This past June 5, those of us in the underground pulp fiction scene lost one of our own. Mike Sheeter was a writer in the trenches who had done it all, from having his screenplays made into movies, to editing some of the biggest men's magazine in America, to writing corporate copy to keep the lights on. He was in the process of conquering crime fiction with his own unique vision when his heart stopped working right, and then stopped working altogether. We hope that Mike, looking down or up as the case may be, will get a smile out of the dubious honor of being eulogized in Out of the Gutter.
By Brian Murphy
He was Mr.

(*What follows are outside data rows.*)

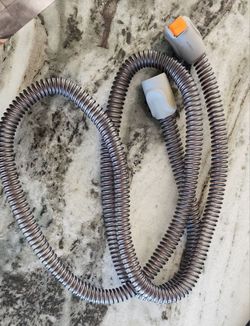 Resmed Climate Line Hose S9 Autoset Elite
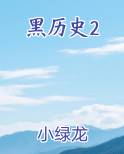 黑历史2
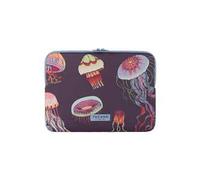 Custodia Tucano Schizzo Sleeve Mb 13" Meduse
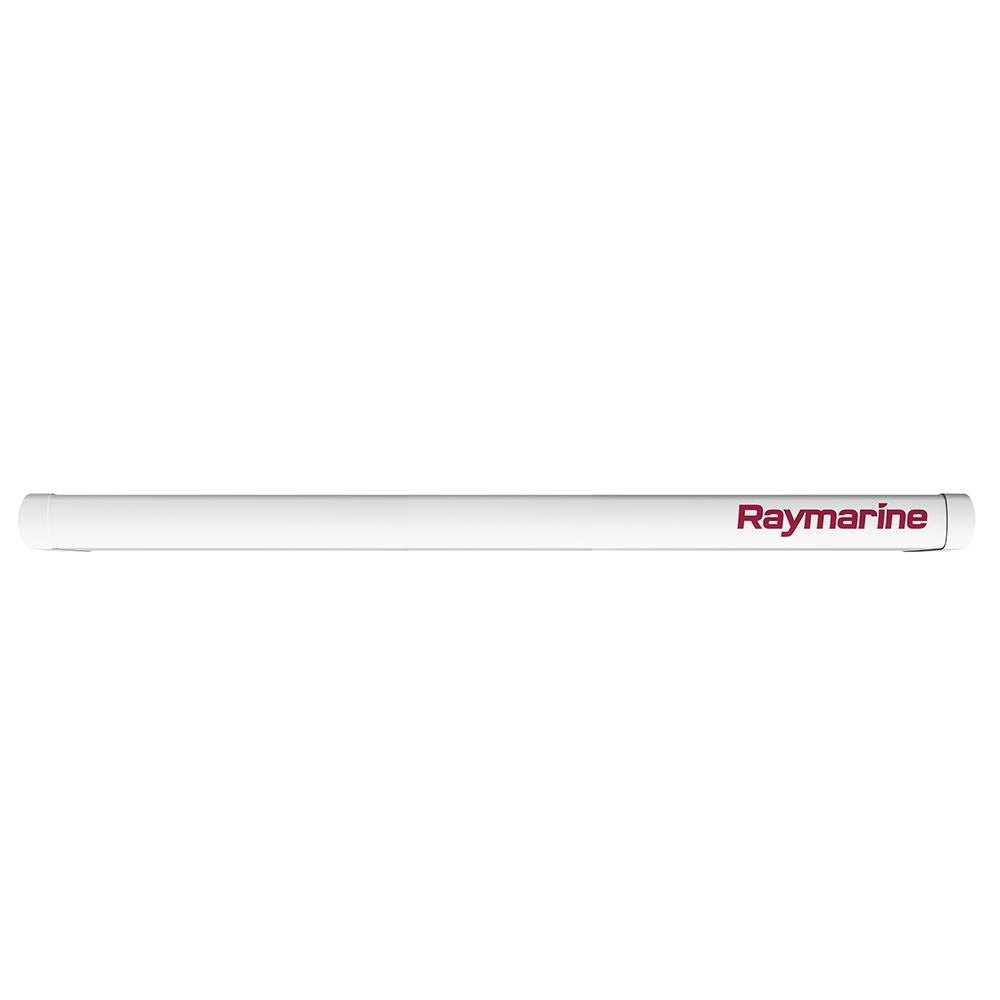 Raymarine Magnum 6&#39; Array - E70491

Plaid back when I first met him online. “Big Daddy Thug,” Todd Robinson, creator of the now infamous Thuglit had just graciously run my first Costa Rican story I’d ever submitted. Sheeter also had a story running in that edition - #19. We ran head-on into each other over at Thuglit’s neglected, streaming comment section. Other than my own rambling madness, the only other author also dropping comments there was Mike Sheeter. Only he wasn’t calling himself that. I would for weeks, maybe months, call him Plaid. Mr. Plaid.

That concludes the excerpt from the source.